This article was first published in Ryding2Health Magazine in 2011 and is the first time it has been on my blog. I've made some small edits which I never had the chance to do first time round, so hopefully it reads better!
As always please feel free to comment.
Pronation is a subject close to many a podiatrist’s heart and traditionally the focus of treatment in many biomechanical pathologies.
Patients regularly tell me that they “pronate too much” or that they “overpronate” and that their feet are “flat”. In my experience, the main group of patients who consider pronation more than many other groups are runners.
I suppose the question is; is pronation really a bad thing?
Let’s begin with identifying exactly what pronation is, and when it occurs.
Pronation is a three-dimensional movement occurring at the subtalar joint in the foot. Sounds simple enough, but don’t be lulled into a false sense of security; podiatrists undertake three years of study to understand it and relate it to an individual’s biomechanics and that’s just the beginning!
Now before I get inundated with corrections, I know that pronation also occurs in the arm too; but I’m a podiatrist and I only really get to play with feet and legs. For more information on the arm you’ll need to talk to your local physiotherapist.
When pronation occurs, it allows the forefoot to abduct (move away from the midline of the body) upon the rearfoot, dorsiflex (or lift upwards) in relation to the rearfoot, and evert or flatten the arch of the foot. The overall view of a foot in pronation is that of a “flat foot”.
The opposite of pronation is supination and when the foot becomes more supinated it takes on a “high arched” profile.
The diagram shown above (taken from Michaud (1997)) shows both pronation and supination movements.
Now, both of these movements are essential and we use both as part of normal “gait". As a general rule, when walking the foot strikes the ground in it’s supinated form, becomes pronated to shock absorb the body forces upon the ground, and the becomes supinated again prior to lifting of the ground so as to provide a rigid leverage force to move to the next step.
So is pronation bad?
On the whole pronation is not a bad thing; it’s a necessary movement required for normal ambulation, be it walking, running or your activity of choice. Interestingly there have been many studies examining the link between pronation and injury and most show that there is little relationship between injury and pronation (those which do show a link are pretty weak).
Pronation is key in providing shock absorption as the foot makes contact with the ground and then body-mass continues in a downward direction. These movements require a very complex interplay between joints, ligaments, muscles and the forces acting upon these structures.
Often this will become imbalanced when the forces cannot be controlled or opposed by the body, leading to compensation and then injury.

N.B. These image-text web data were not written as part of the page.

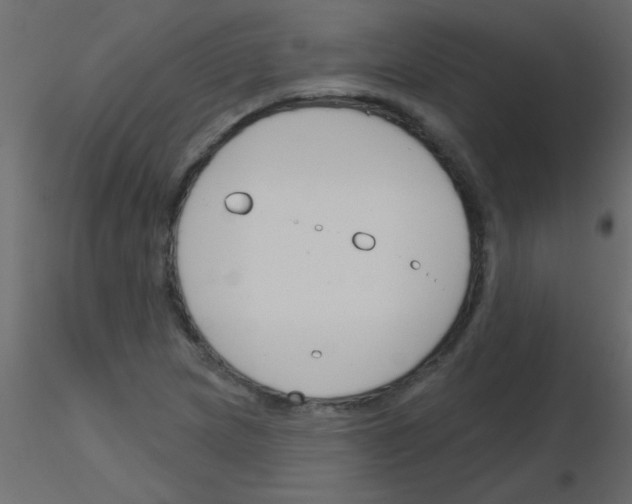 X0000115831217200912241949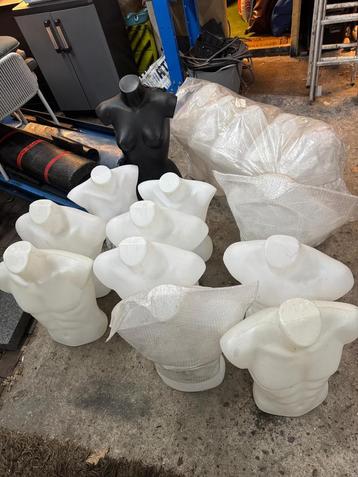 Paspop / torso’s te koop beschikbaar voor biedingen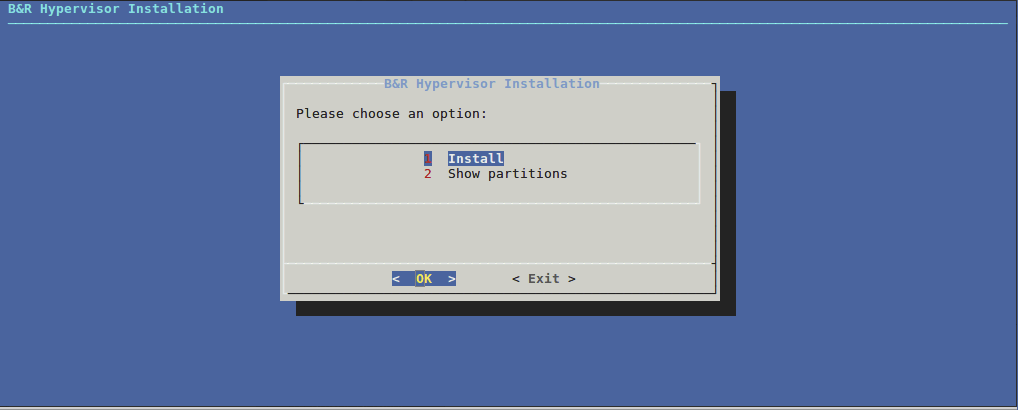 dialog installation - show partitions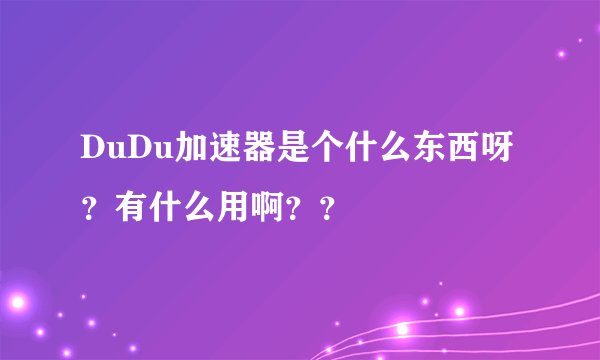 DuDu加速器是个什么东西呀？有什么用啊？？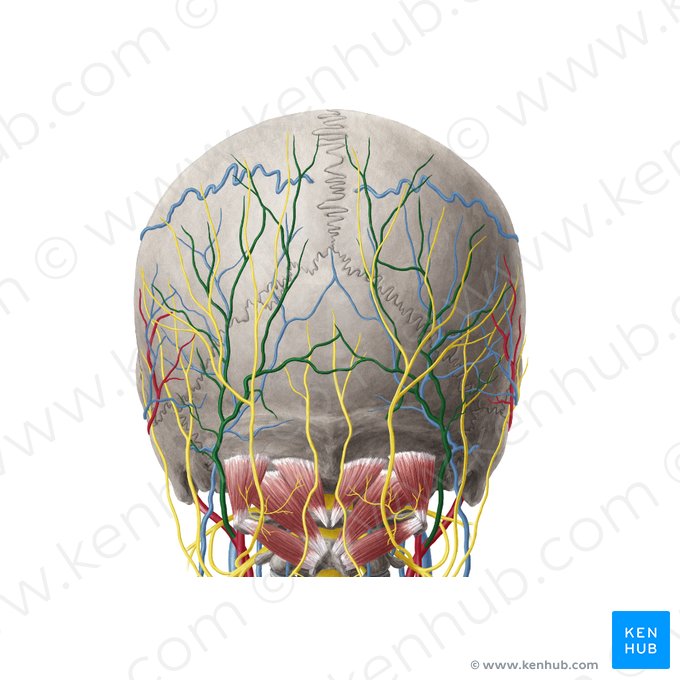 Occipital artery (Arteria occipitalis); Image: Yousun Koh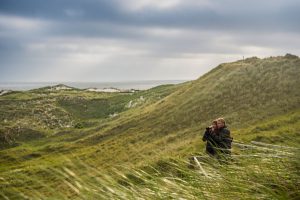Im Naturschutzgebiet an der Nordspitze von Amrum befindet sich eine Vogelwarte, von der aus man der faszinierenden Tierwelt ganz nahe kommt.
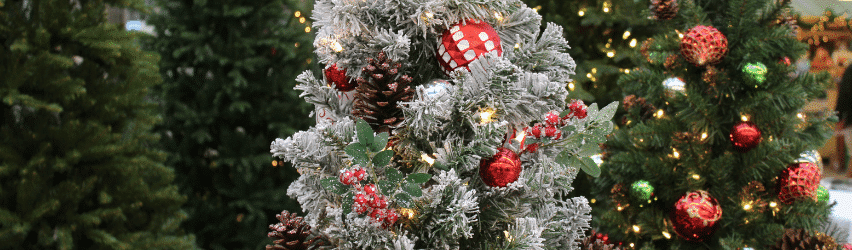 Christmas Clean-up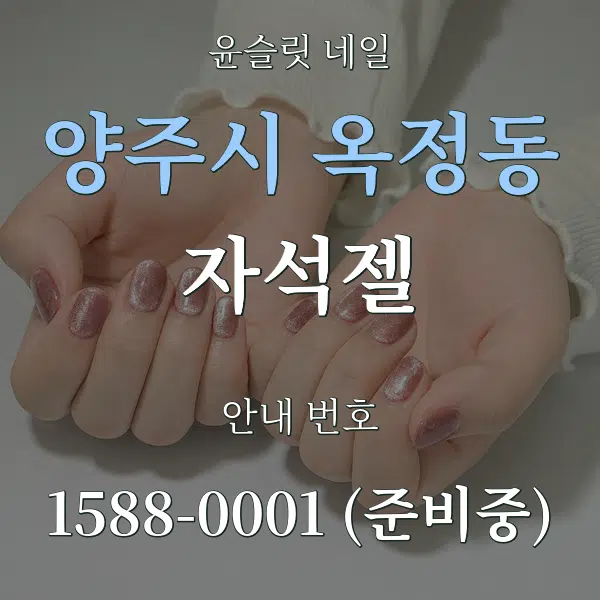 양주시 옥정동 자석젤 대표 안내 그래픽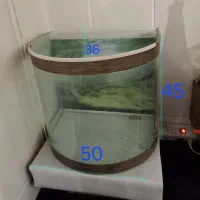 اکواریم برای نگهداری ماهی ولجن خوار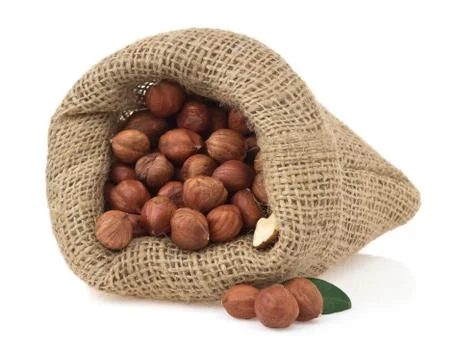 Nuts filbert isolated on white Stock Photos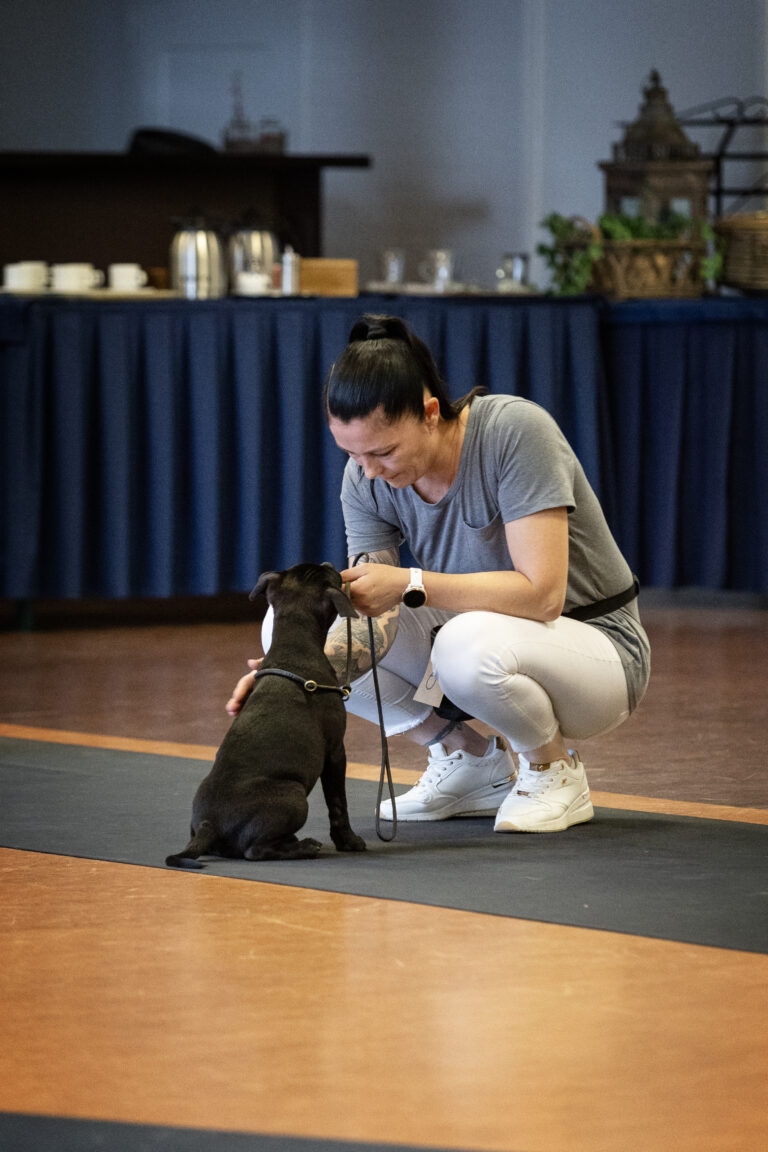 12072023Best Handler Ringtraining0013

My role is to examine areas of compensation and injury and identify the causative factor. This involves looking at the forces acting upon the foot from internally (muscles, ligaments, joints, etc) and externally (footwear, the supporting surface, orthotics) to ensure that a balance is struck. There are a number of tests that we use clinically to look at how easy (or hard) it is to move the foot from a maximally pronated position to a supinated position.
These forces change when different activities are undertaken; running, has much greater forces affecting the foot and leg in comparison to walking.

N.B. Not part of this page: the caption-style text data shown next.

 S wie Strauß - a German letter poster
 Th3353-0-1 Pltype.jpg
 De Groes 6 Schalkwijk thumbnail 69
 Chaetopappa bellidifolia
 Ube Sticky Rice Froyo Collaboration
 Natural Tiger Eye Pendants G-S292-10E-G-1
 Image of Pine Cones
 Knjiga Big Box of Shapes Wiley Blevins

When it comes to pronation, the movement isn’t such a bad thing, it’s the forces that hurt and cause damage. My treatment involves the reduction of these pathological forces and this can involve the use of exercises, footwear, orthotics and mobilisation.

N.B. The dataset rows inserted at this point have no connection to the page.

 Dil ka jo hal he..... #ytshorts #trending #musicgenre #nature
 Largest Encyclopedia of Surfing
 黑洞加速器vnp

So what about running shoes?
Okay, you were always going to ask. Running shoe design, prescription and personal choice is based on the idea of levels of pronation. And while this is flawed it is really all we have. However, this will change in the future with some interesting and potentially game changing designs coming from Asics and other companies.
A very experienced and knowledgeable Sports Podiatry colleague, Ian Griffiths, wrote an excellent blog regarding running shoe prescription and I would urge you all to go and have a look. It surmises the issues and research perfectly. You can find the blog post here http://www.ransacker.co.uk/running-shoes/goings-on/what-running-shoes-should-you-wear-the-myths-busted/.
This article is a designed to be a quick look at a very complex subject and in essence doesn’t cover everything. Contemporary research is continuing to challenge current and past dogma leading ultimately to a greater understanding of lower limb biomechanics. Personally, I think it's a very exciting time for anyone working in biomechanics.
Michaud, T (1997) Foot Orthoses and other forms of conservative foot care. Newton, Massachusetts.